Find the line with "Červená háčkovaná kabelka" and the line with "MAYERS SUMMIT - Residential" in the entries below; output exactly those two lines, every line between them, and no others.

Stored items
---*---

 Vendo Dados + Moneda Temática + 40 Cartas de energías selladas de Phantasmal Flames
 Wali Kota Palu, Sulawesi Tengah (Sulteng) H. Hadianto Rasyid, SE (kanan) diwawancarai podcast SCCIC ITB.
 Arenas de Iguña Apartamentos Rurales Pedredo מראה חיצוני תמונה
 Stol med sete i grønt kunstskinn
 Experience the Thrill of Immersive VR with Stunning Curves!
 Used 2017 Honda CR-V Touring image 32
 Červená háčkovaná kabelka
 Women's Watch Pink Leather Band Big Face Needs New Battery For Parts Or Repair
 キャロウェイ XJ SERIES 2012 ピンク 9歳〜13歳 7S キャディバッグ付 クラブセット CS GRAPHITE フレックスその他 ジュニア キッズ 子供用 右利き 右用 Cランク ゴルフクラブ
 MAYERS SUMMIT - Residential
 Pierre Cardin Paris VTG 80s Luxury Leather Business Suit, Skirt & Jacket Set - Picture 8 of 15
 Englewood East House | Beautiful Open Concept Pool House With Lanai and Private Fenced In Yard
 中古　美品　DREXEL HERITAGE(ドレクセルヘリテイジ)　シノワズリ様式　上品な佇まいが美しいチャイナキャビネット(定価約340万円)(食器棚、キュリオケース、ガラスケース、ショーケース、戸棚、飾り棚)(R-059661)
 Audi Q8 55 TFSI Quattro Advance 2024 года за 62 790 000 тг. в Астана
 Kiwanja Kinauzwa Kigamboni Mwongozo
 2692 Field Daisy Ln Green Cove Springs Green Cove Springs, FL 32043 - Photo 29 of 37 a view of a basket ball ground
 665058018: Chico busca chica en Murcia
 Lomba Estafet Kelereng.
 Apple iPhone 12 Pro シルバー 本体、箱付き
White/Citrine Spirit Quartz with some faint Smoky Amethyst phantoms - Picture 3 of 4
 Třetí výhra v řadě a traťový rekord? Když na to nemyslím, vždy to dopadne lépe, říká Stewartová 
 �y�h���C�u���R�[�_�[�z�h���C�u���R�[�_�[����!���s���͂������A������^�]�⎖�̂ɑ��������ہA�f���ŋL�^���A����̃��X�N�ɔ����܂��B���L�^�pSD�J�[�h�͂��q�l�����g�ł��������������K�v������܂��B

---*---

## Result for this exercise:
 Červená háčkovaná kabelka
 Women's Watch Pink Leather Band Big Face Needs New Battery For Parts Or Repair
 キャロウェイ XJ SERIES 2012 ピンク 9歳〜13歳 7S キャディバッグ付 クラブセット CS GRAPHITE フレックスその他 ジュニア キッズ 子供用 右利き 右用 Cランク ゴルフクラブ
 MAYERS SUMMIT - Residential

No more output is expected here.